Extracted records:
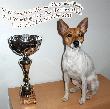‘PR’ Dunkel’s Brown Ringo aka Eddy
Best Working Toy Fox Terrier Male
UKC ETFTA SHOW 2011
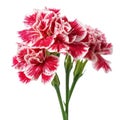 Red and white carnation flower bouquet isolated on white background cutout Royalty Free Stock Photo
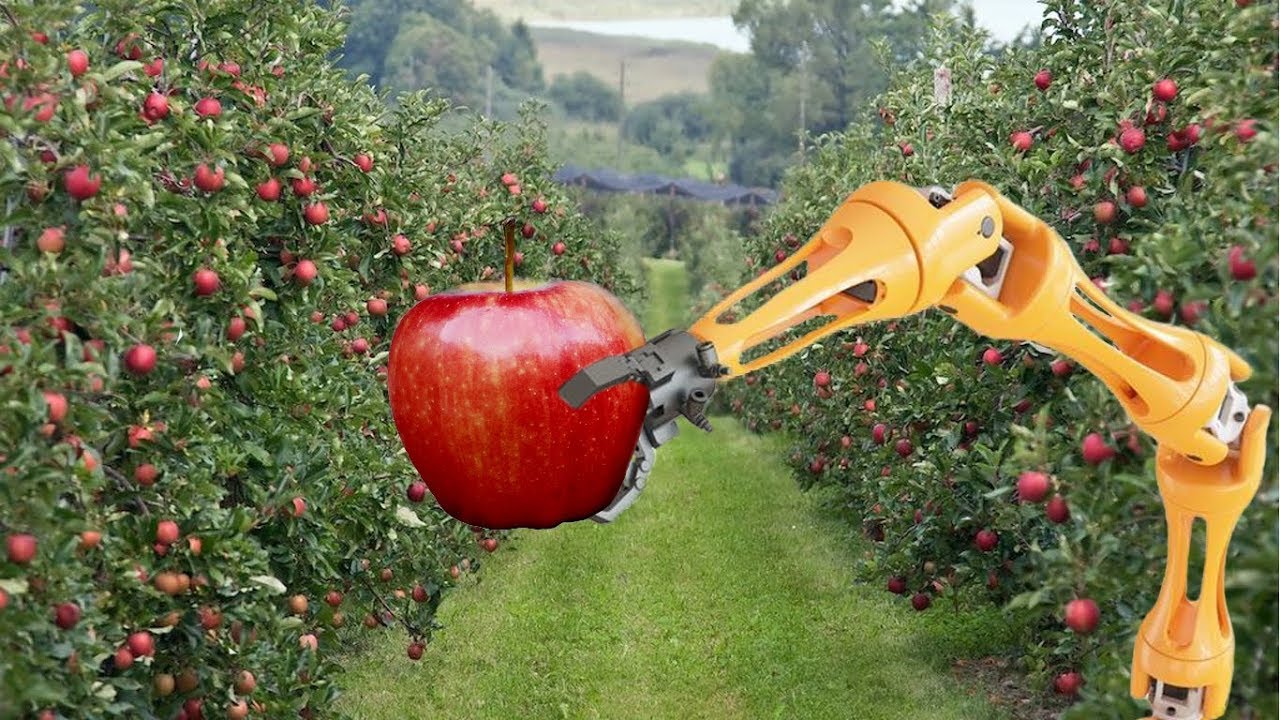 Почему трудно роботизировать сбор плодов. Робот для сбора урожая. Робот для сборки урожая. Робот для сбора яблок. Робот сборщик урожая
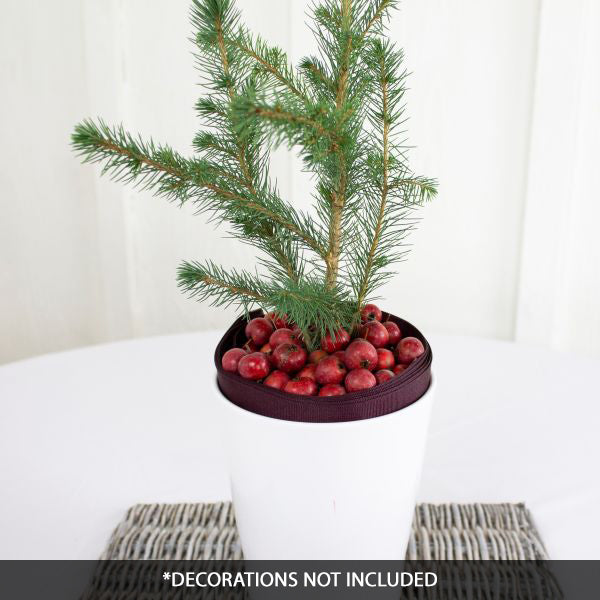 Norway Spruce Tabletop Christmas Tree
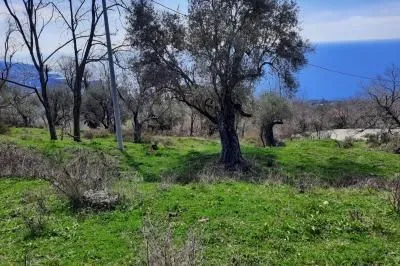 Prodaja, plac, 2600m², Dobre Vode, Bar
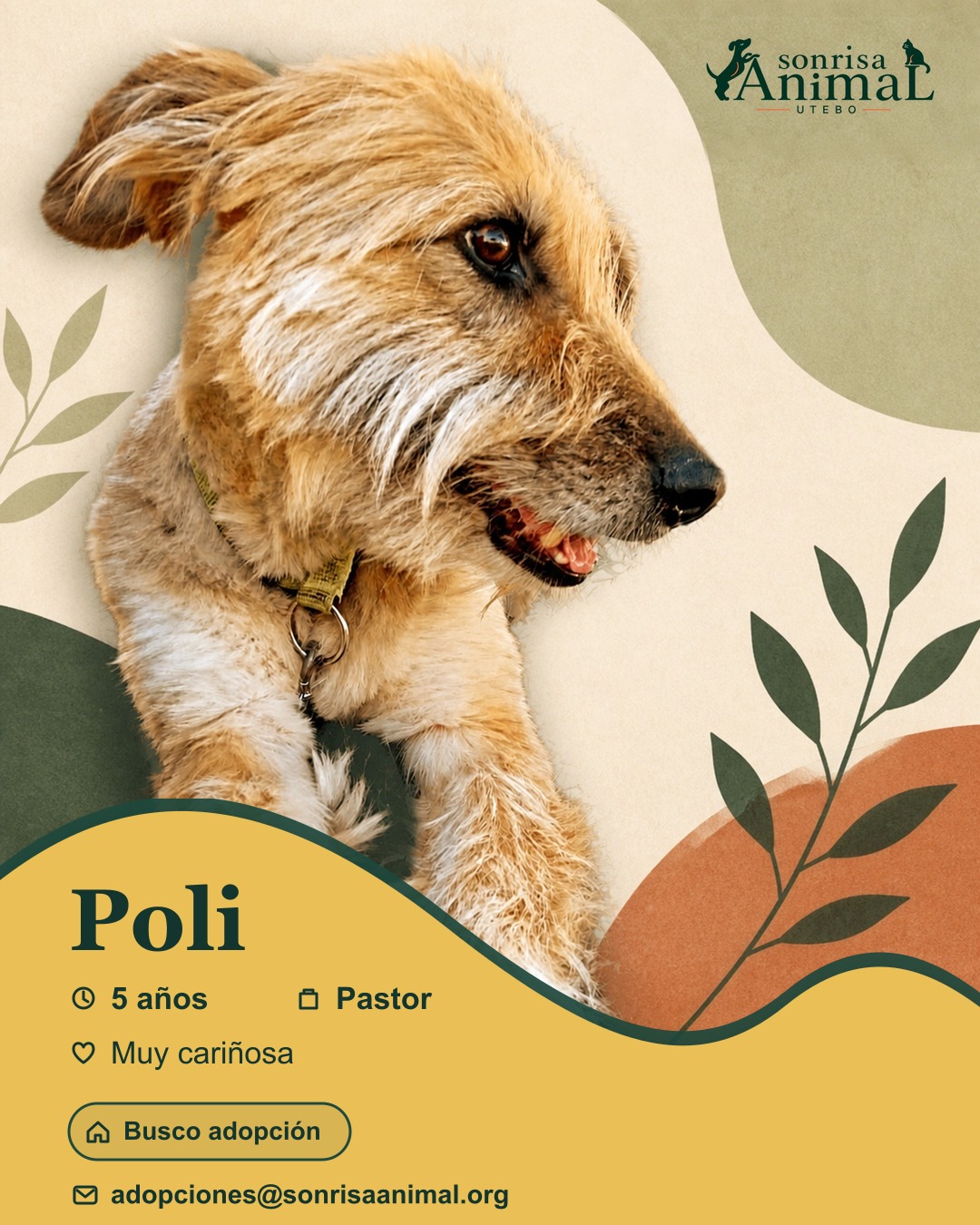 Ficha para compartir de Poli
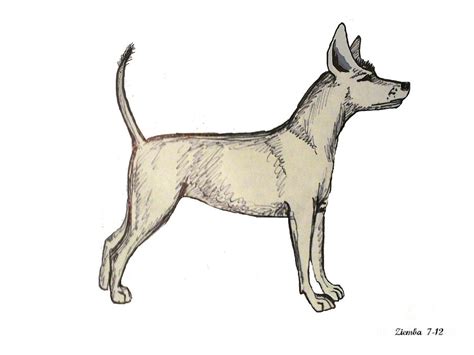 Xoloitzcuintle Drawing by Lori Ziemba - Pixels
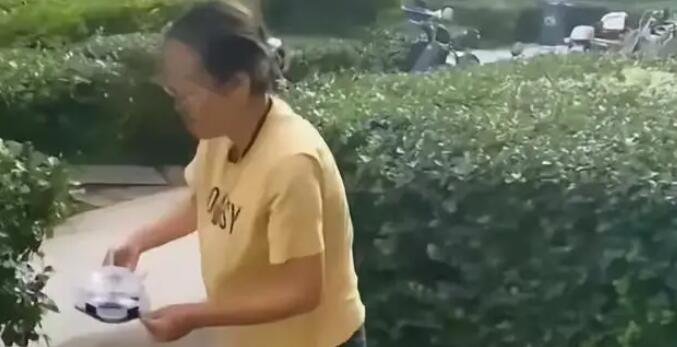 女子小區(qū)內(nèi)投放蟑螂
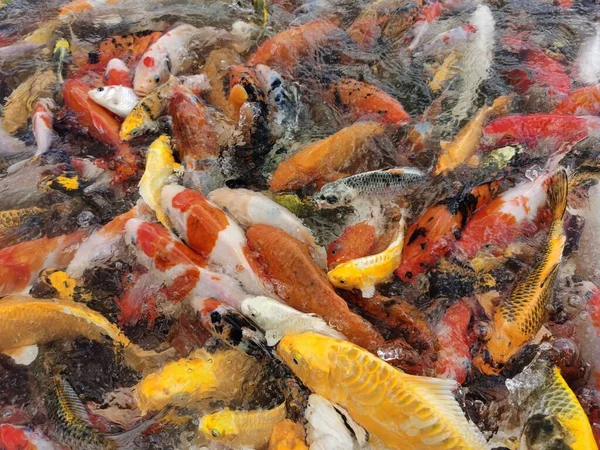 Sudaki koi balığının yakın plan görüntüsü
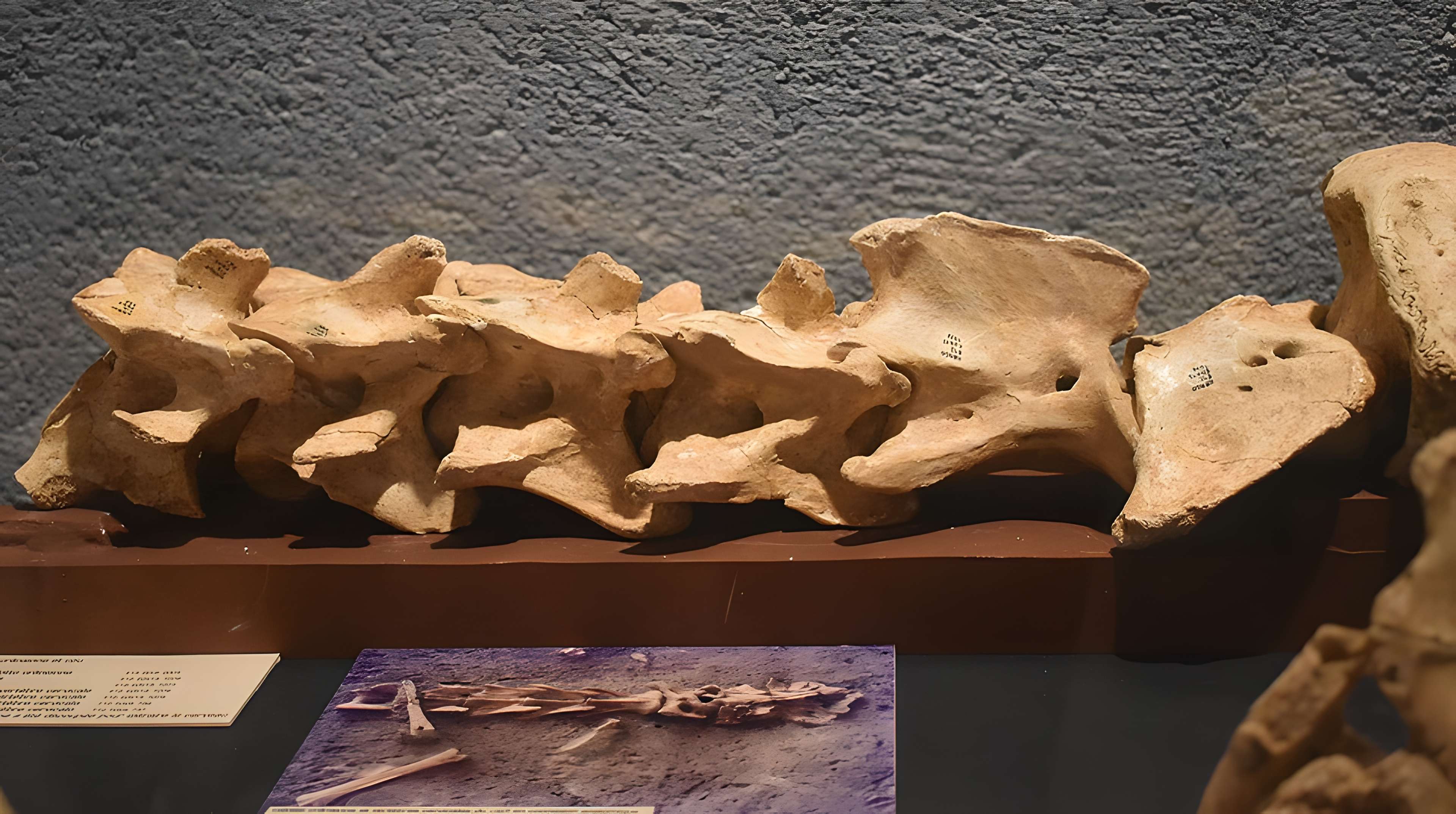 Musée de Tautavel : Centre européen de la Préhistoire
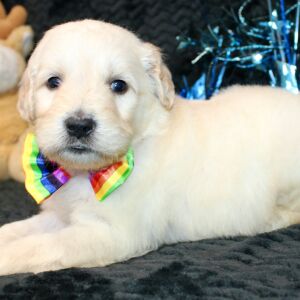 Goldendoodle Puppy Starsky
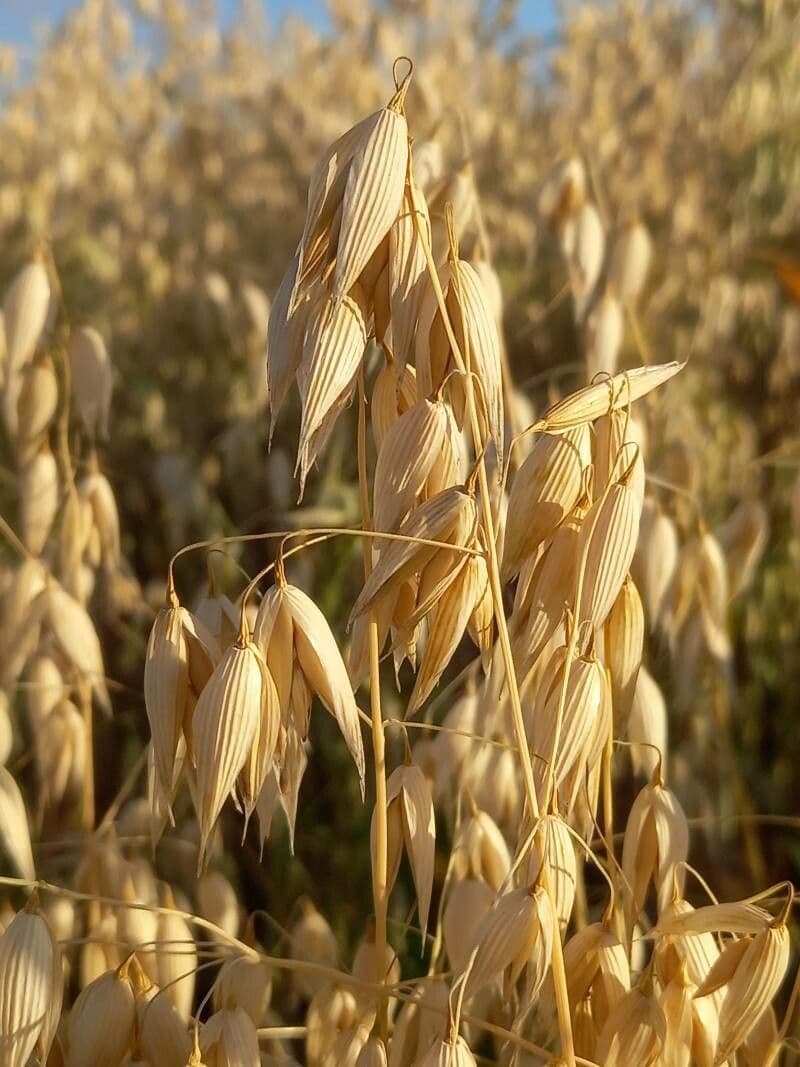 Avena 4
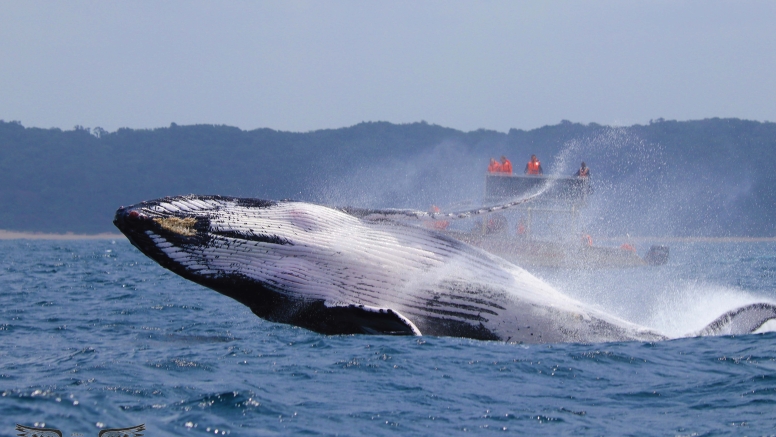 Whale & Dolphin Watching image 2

■ EXERCISE AIM ■
Leave out the pictures, and retype exactly the lines from the one containing "Почему трудно роботизировать" through the final line of the data.

■ TASK RESULT ■
 Почему трудно роботизировать сбор плодов. Робот для сбора урожая. Робот для сборки урожая. Робот для сбора яблок. Робот сборщик урожая
 Norway Spruce Tabletop Christmas Tree
 Prodaja, plac, 2600m², Dobre Vode, Bar
 Ficha para compartir de Poli
 Xoloitzcuintle Drawing by Lori Ziemba - Pixels
 女子小區(qū)內(nèi)投放蟑螂
 Sudaki koi balığının yakın plan görüntüsü
 Musée de Tautavel : Centre européen de la Préhistoire
 Goldendoodle Puppy Starsky
 Avena 4
 Whale & Dolphin Watching image 2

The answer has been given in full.